## WHAT TO PRODUCE
Output, word for word, the line that contains "穿越火线-枪战王者生化追击决胜指南！机械猎手+地狱终结者玩法技巧全解析" and all lines after it in the records below, omitting pictures.

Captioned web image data

=====

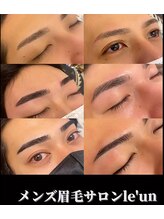 ルアン 表参道店/メンズ美眉毛スタイリング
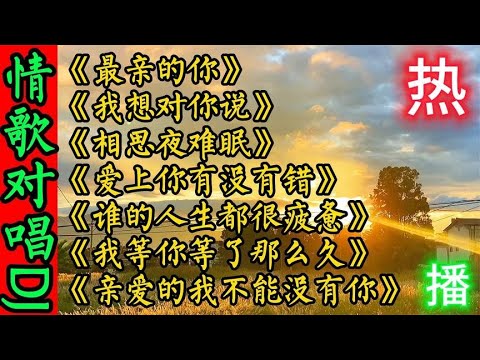 超好听7首男女情歌对唱DJ《最亲的你》我想对你说 爱上你有没有错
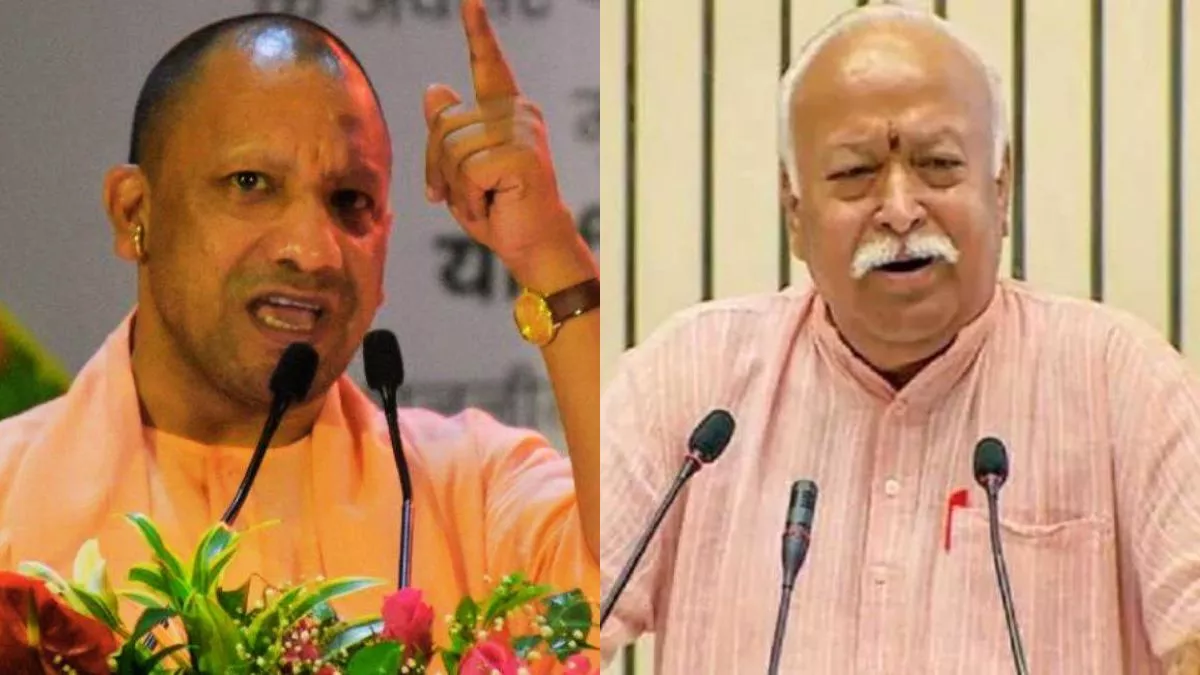 बैंकॉक में व‌र्ल्ड हिंदू फाउंडेशन द्वारा आय़ोजित  तीन-दिवसीय सम्मेलन में विश्व हिंदू कांग्रेस को संबोधित करेंगे भागवत और योगी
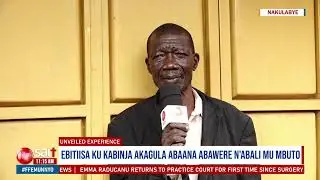 Ekyalo kitabuse olwa dokita agula abaana ku bakazi b'embuto | Unveiled Experience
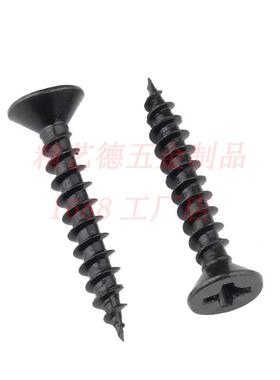 十字平头自攻螺丝K十字沉头尖尾木A牙自攻螺M4.自0碳钢黑色UQD丝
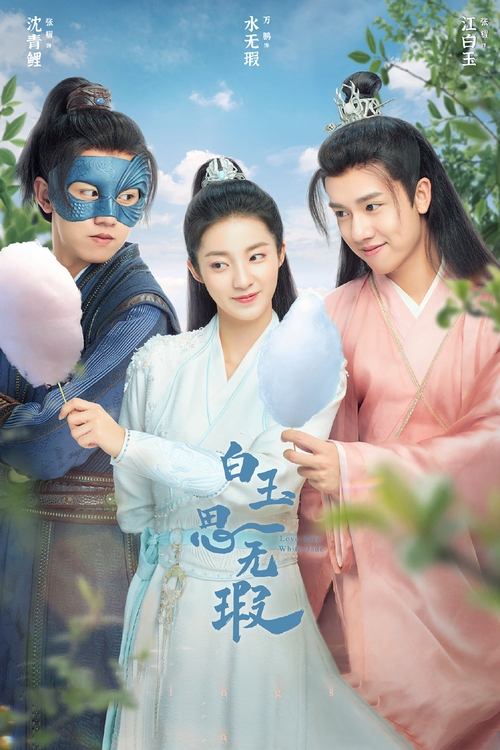 Póster de 白玉思无瑕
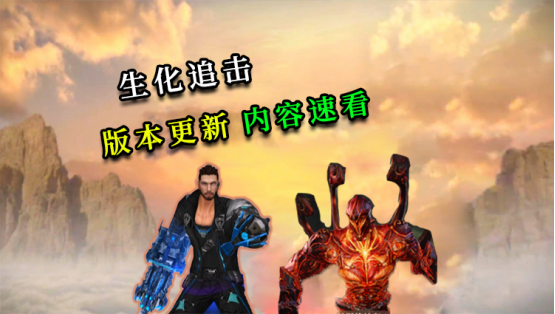 穿越火线-枪战王者生化追击决胜指南！机械猎手+地狱终结者玩法技巧全解析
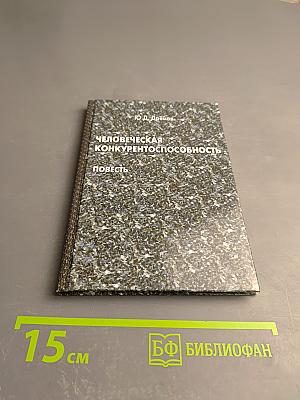 Человеческая конкурентоспособность. Повесть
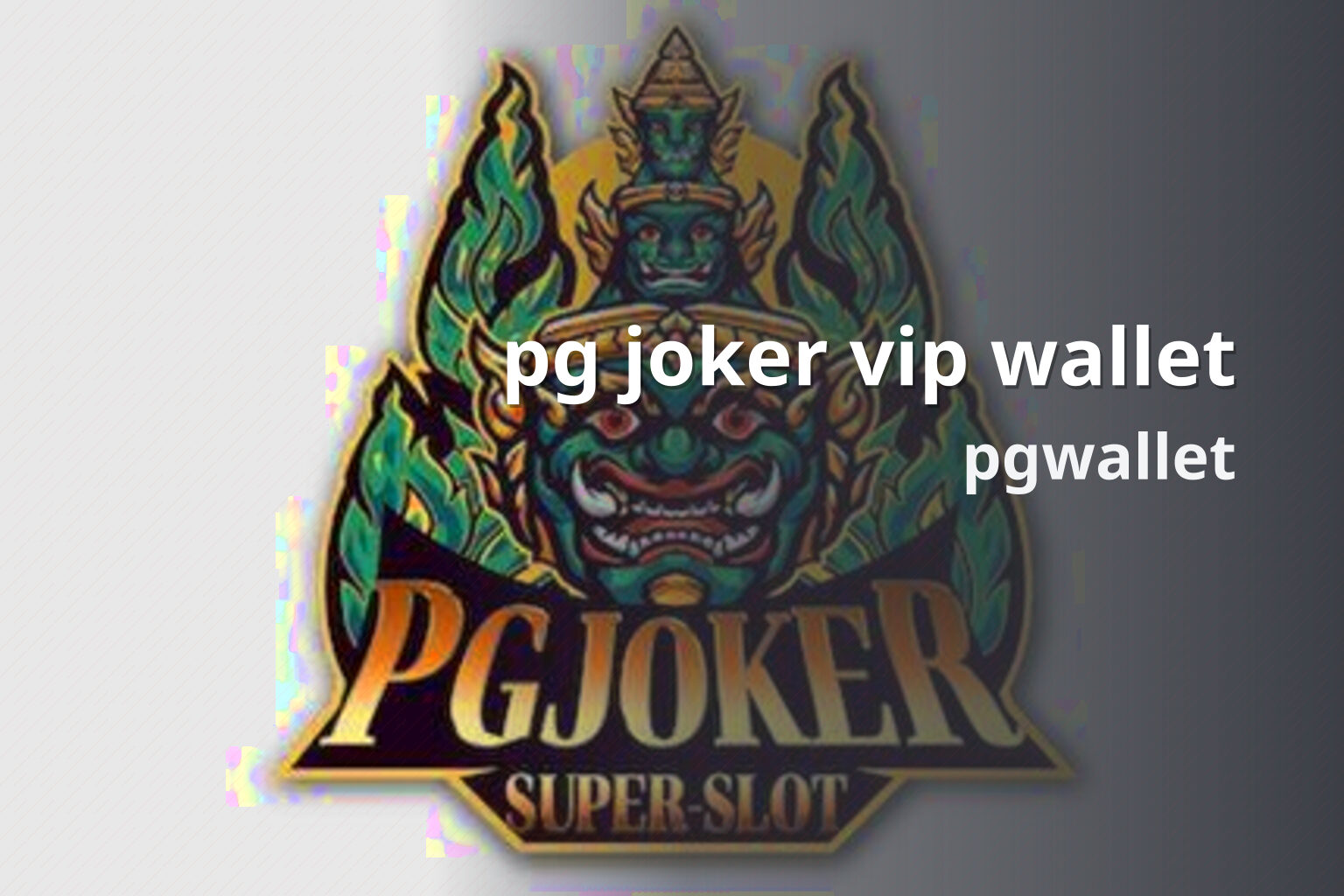 pg joker vip wallet - wallet service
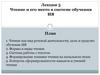 Чтение и его место в системе обучения иностранному языку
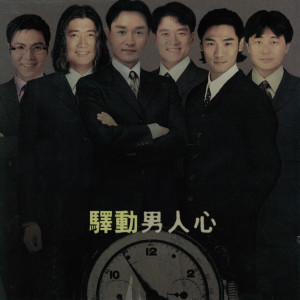 Dengarkan 花心(Acoustic Version) (Acoustic) lagu dari Emil Wakin Chau dengan lirik
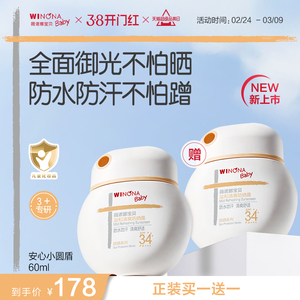 薇诺娜宝贝儿童防晒霜安心小圆盾户外海边宝宝专用防晒乳SPF34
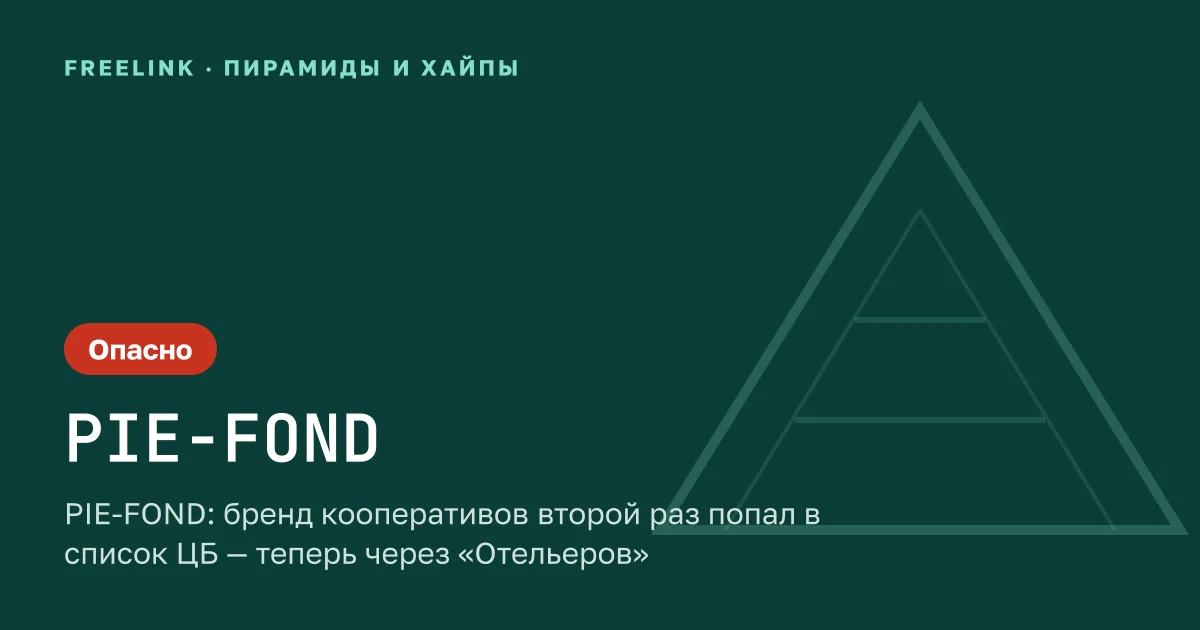 PIE-FOND: бренд кооперативов второй раз попал в список ЦБ — теперь через «Отельеров»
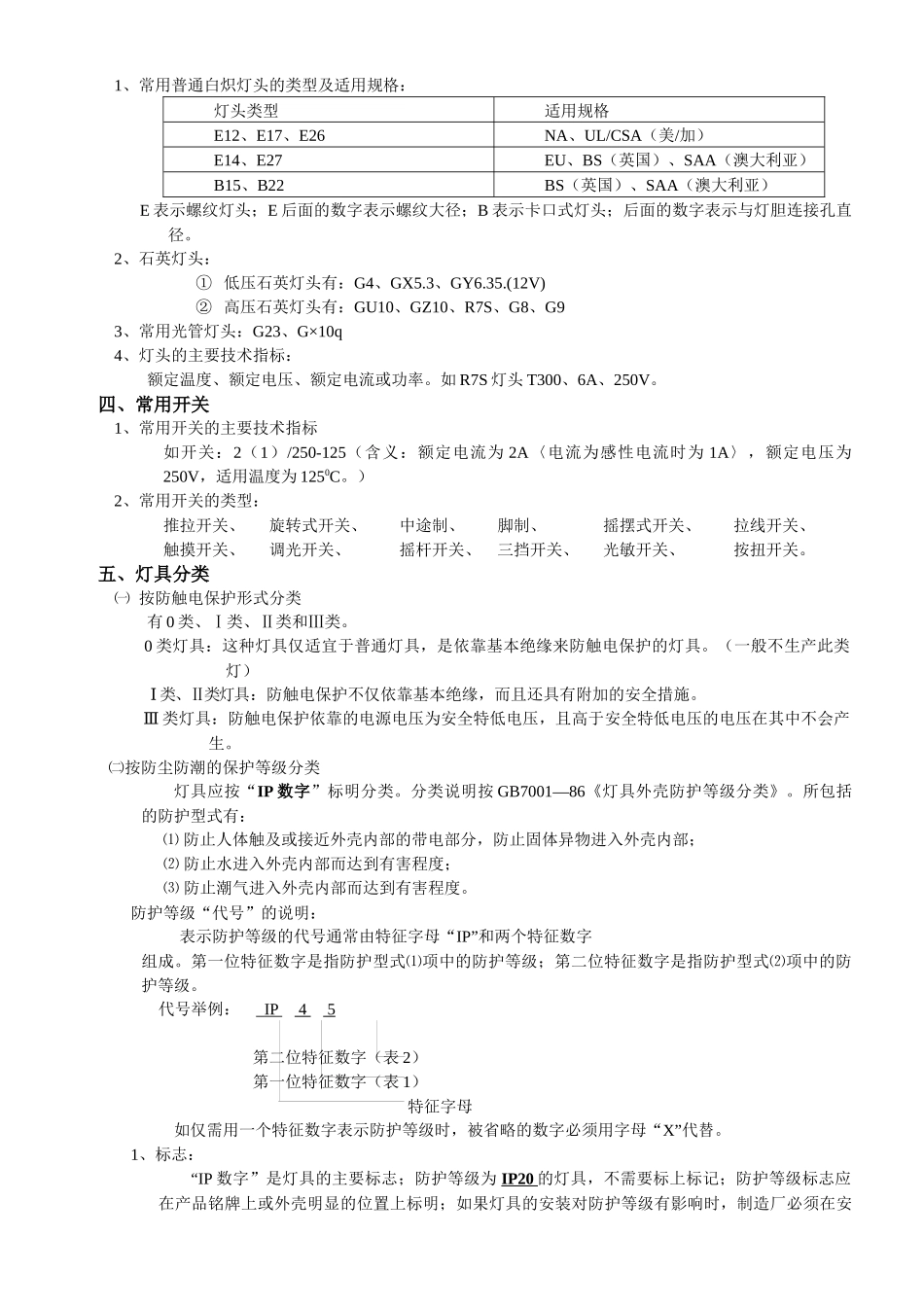 灯具工程技术基础知识 灯光设计_第3页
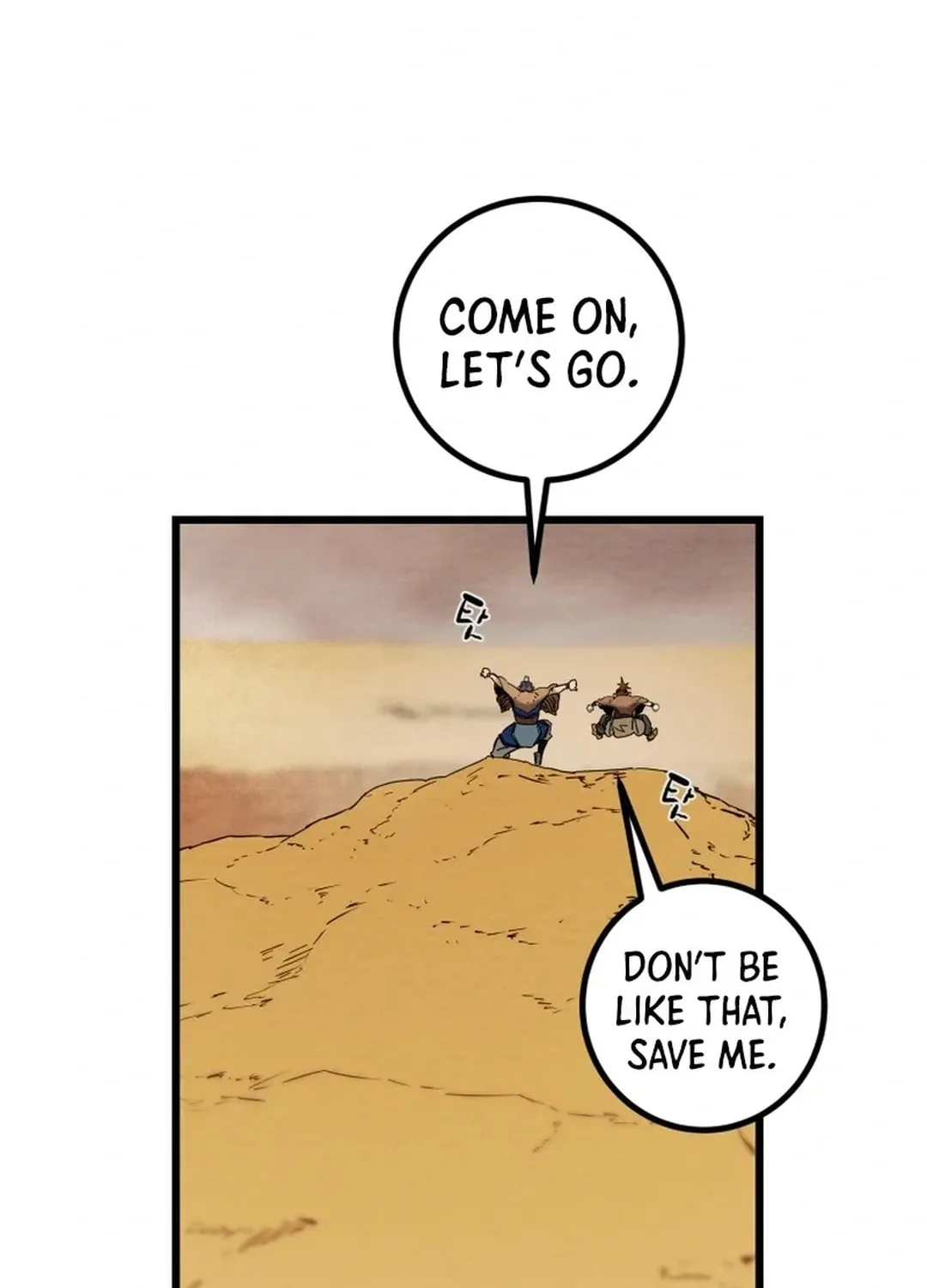 Read Heavenly Moon chapter 130 image 13 on Lezhin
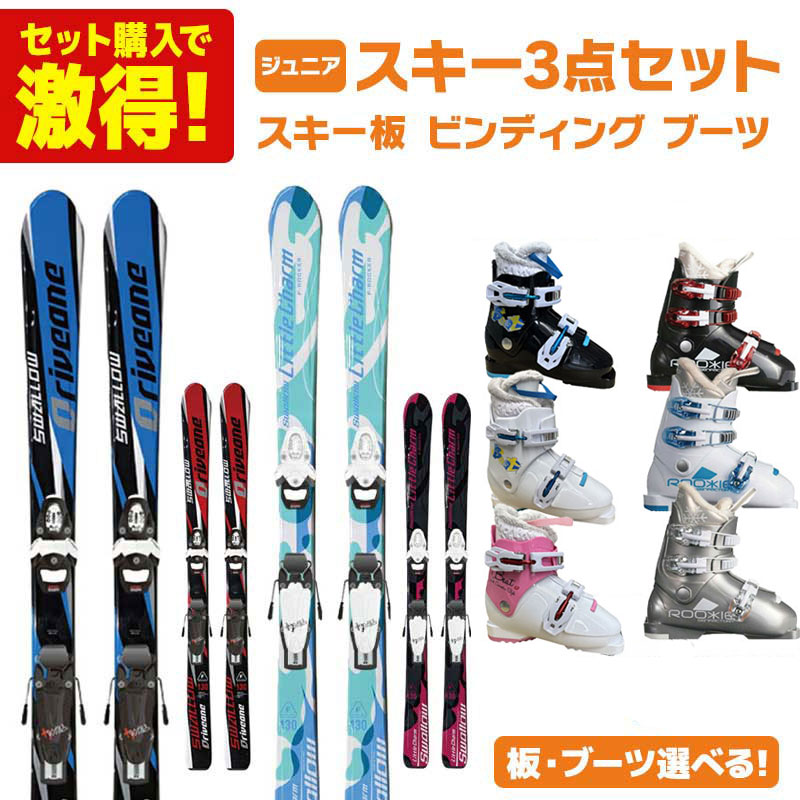 楽天市場】ロシニョール ROSSIGNOL スキー板 ジュニアスキー 4点セット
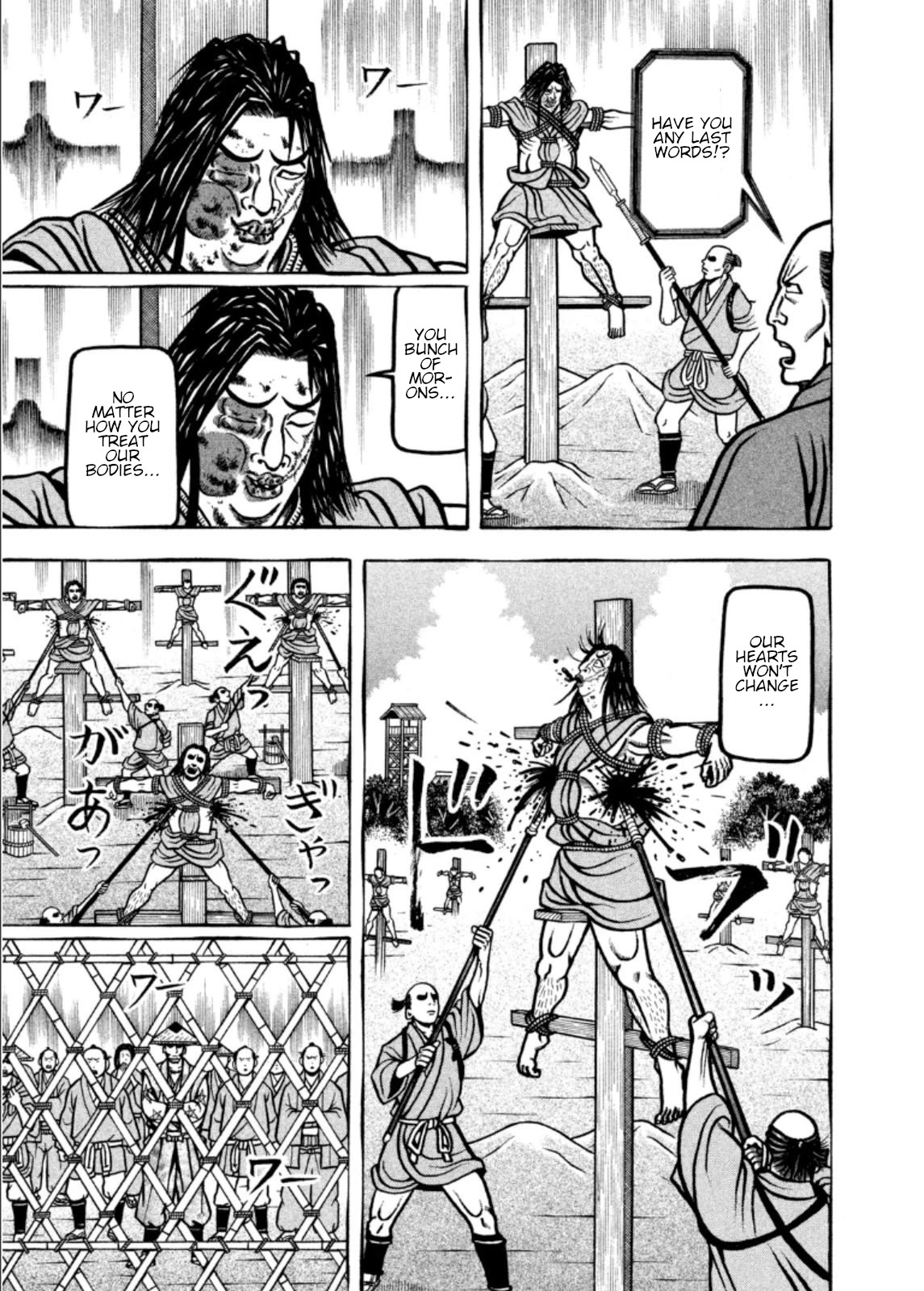 Hyougemono Chapter 207 page 5 - Chapter 207: CHIGIRI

=====

## SOLUTION FOR THIS TASK
 穿越火线-枪战王者生化追击决胜指南！机械猎手+地狱终结者玩法技巧全解析
 Человеческая конкурентоспособность. Повесть
 pg joker vip wallet - wallet service
 Чтение и его место в системе обучения иностранному языку
 Dengarkan 花心(Acoustic Version) (Acoustic) lagu dari Emil Wakin Chau dengan lirik
 薇诺娜宝贝儿童防晒霜安心小圆盾户外海边宝宝专用防晒乳SPF34
 PIE-FOND: бренд кооперативов второй раз попал в список ЦБ — теперь через «Отельеров»
 灯具工程技术基础知识 灯光设计_第3页
 Read Heavenly Moon chapter 130 image 13 on Lezhin
 楽天市場】ロシニョール ROSSIGNOL スキー板 ジュニアスキー 4点セット
 Hyougemono Chapter 207 page 5 - Chapter 207: CHIGIRI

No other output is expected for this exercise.